PROMPT: All records below are to be set down precisely as written, excluding pictures.

RECORDS FOR THE TASK:

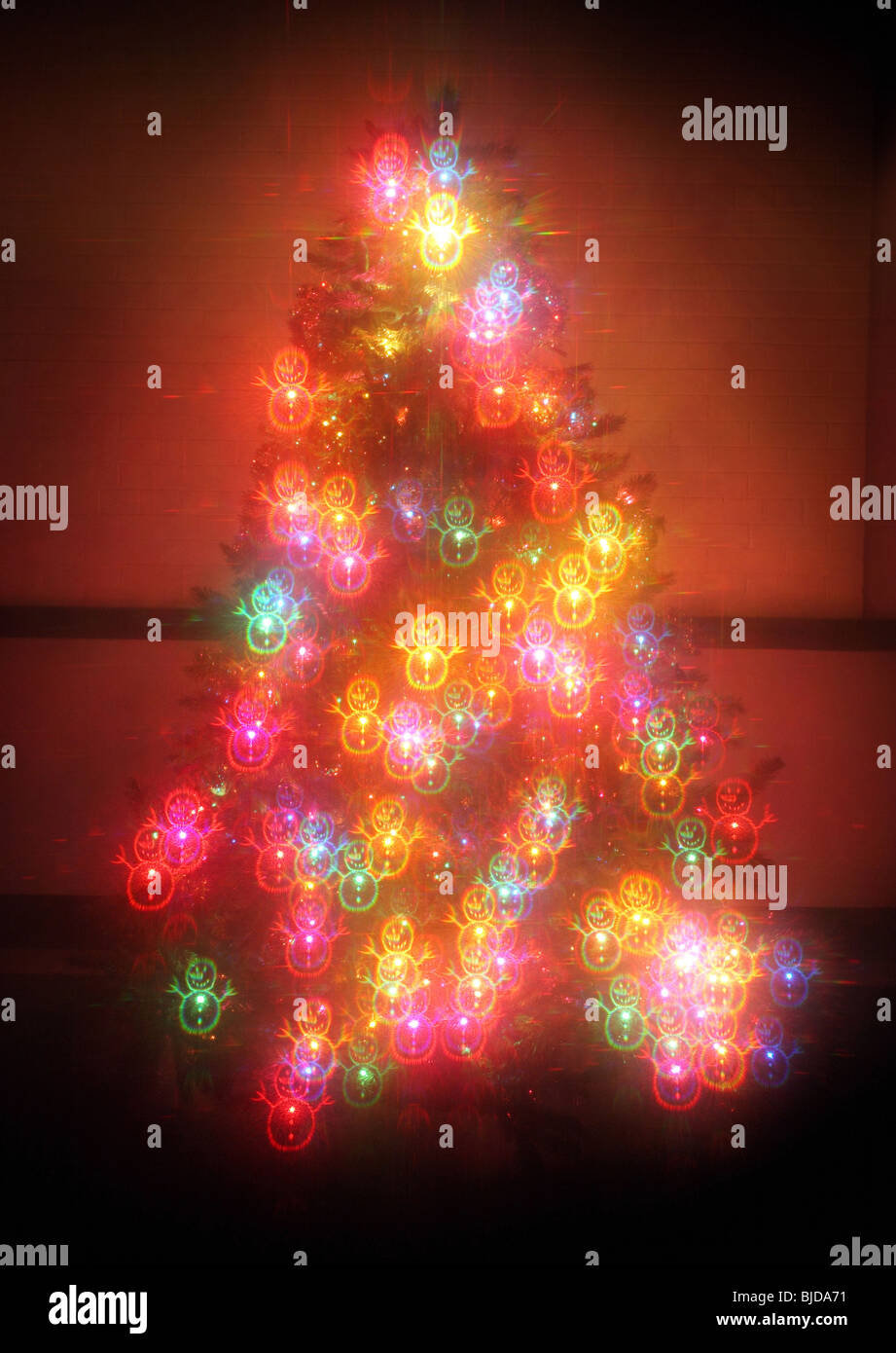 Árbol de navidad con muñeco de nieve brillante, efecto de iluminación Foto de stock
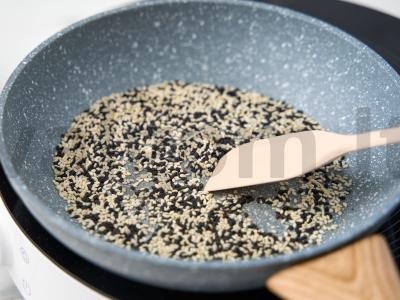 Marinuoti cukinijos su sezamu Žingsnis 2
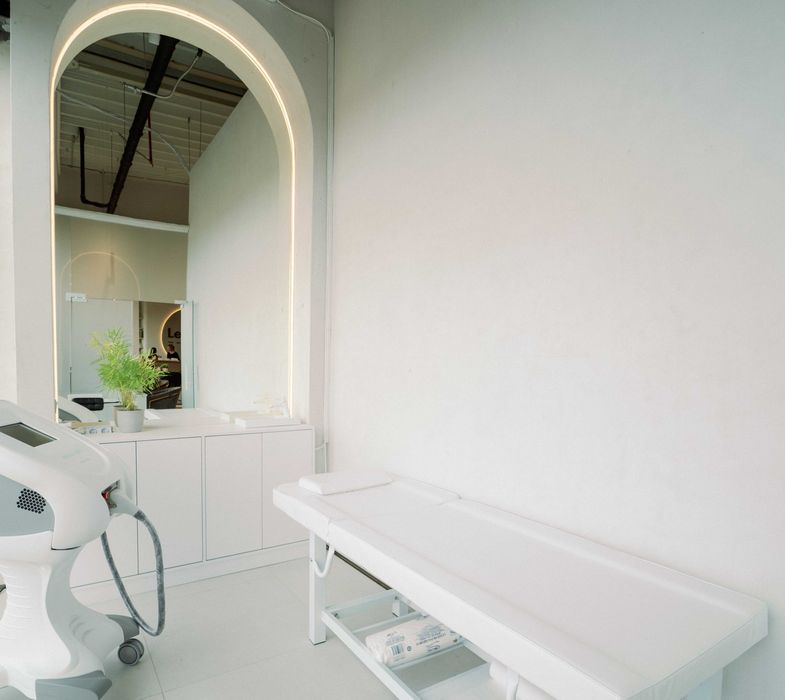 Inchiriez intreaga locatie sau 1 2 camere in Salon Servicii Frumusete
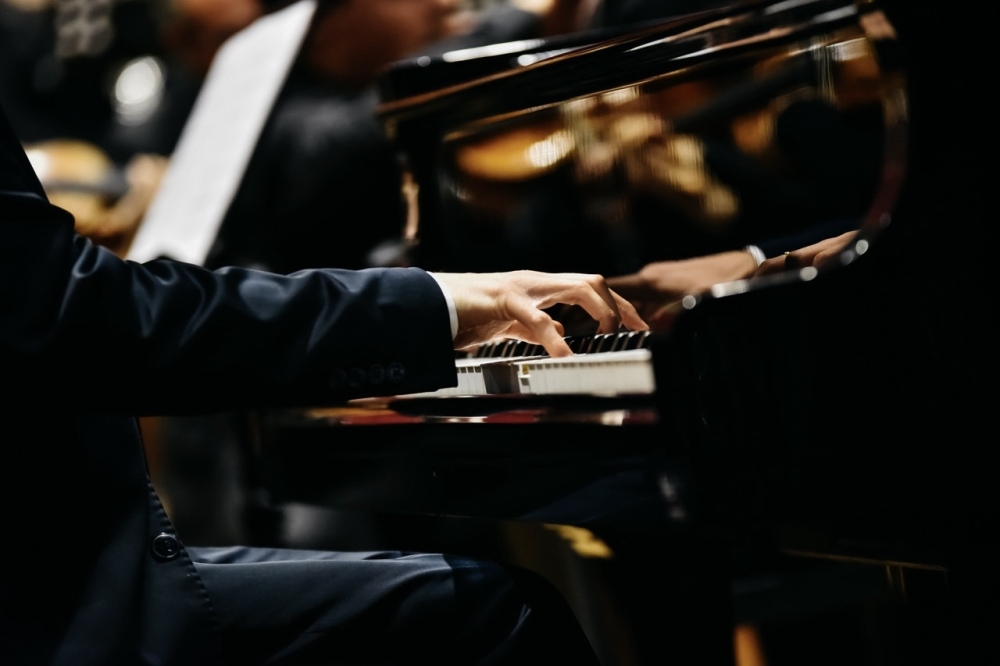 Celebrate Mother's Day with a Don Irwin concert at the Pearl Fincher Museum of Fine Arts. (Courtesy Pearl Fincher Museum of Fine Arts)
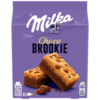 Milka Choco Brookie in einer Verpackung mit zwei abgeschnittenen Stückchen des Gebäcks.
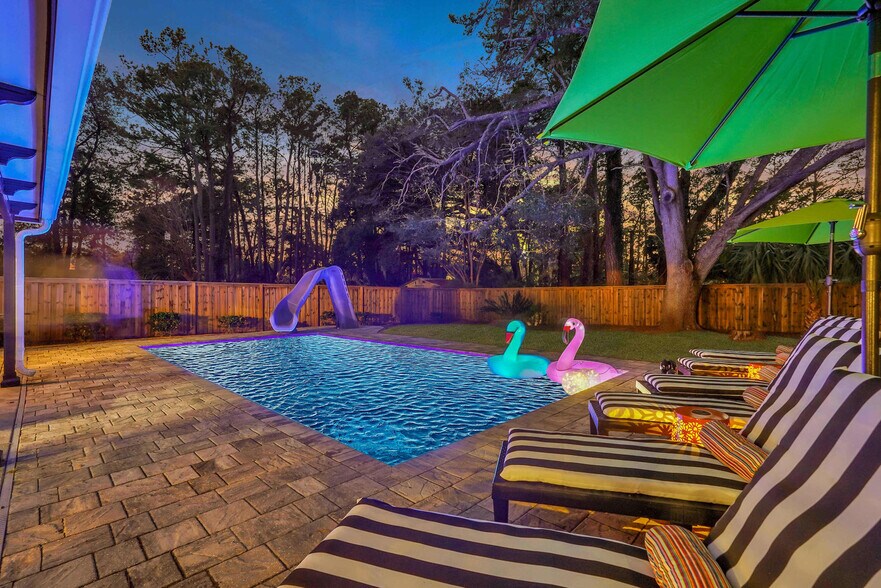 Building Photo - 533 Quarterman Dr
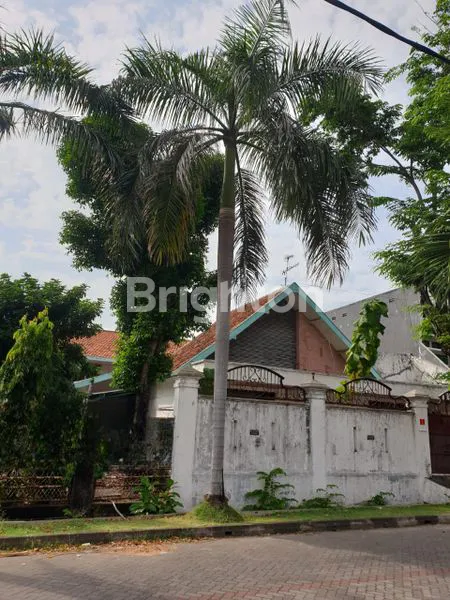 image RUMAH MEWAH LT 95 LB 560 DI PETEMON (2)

REPLY:
 Árbol de navidad con muñeco de nieve brillante, efecto de iluminación Foto de stock
 Marinuoti cukinijos su sezamu Žingsnis 2
 Inchiriez intreaga locatie sau 1 2 camere in Salon Servicii Frumusete
 Celebrate Mother's Day with a Don Irwin concert at the Pearl Fincher Museum of Fine Arts. (Courtesy Pearl Fincher Museum of Fine Arts)
 Milka Choco Brookie in einer Verpackung mit zwei abgeschnittenen Stückchen des Gebäcks.
 Building Photo - 533 Quarterman Dr
 image RUMAH MEWAH LT 95 LB 560 DI PETEMON (2)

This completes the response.